# how to make a real bullet pen



## robert421960 (Apr 7, 2013)

i have seen some of you guys making real bullet pen and im curious because i would like to make some from military funerals in my family 
would it be possible to get someone to do a good tutorial on making one?
thanks
sorry i meant to add a question mark in my subject


----------



## rhossack (Apr 7, 2013)

robert421960 said:


> i have seen some of you guys making real bullet pen and im curious because i would like to make some from military funerals in my family
> would it be possible to get someone to do a good tutorial on making one?
> thanks


I know Les has a couple floating around ... do they have a forum here for tutorials and instructions?

Here's a quick google Bullet Pen Tutorials


----------



## robert421960 (Apr 7, 2013)

why didnt i think of that :dash2::dash2:
thanks


----------



## Final Strut (Apr 7, 2013)

I have a 7mm 08 pen to do this week and unless someone else comes along with a tutorial I will try to remember to take the camera to the shop with me and put one together.

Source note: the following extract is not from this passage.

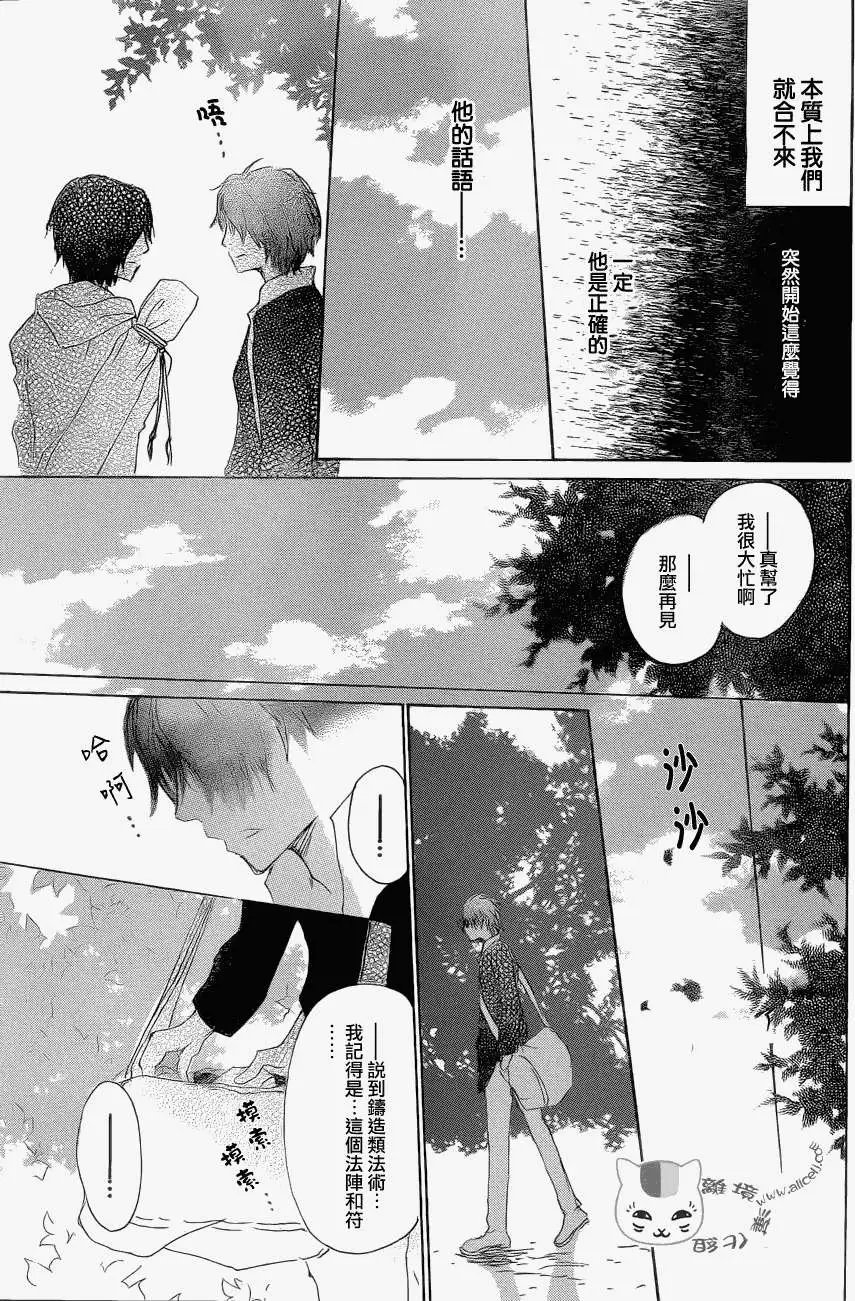 第76回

This tutorial is pretty similar to the way I do mine. http://content.penturners.org/library/pens/rifleshellpen.pdf


----------



## rdabpenman (Apr 7, 2013)

robert421960 said:


> i have seen some of you guys making real bullet pen and im curious because i would like to make some from military funerals in my family
> would it be possible to get someone to do a good tutorial on making one?
> thanks
> sorry i meant to add a question mark in my subject



Robert,
I sent you an Email.

Les


----------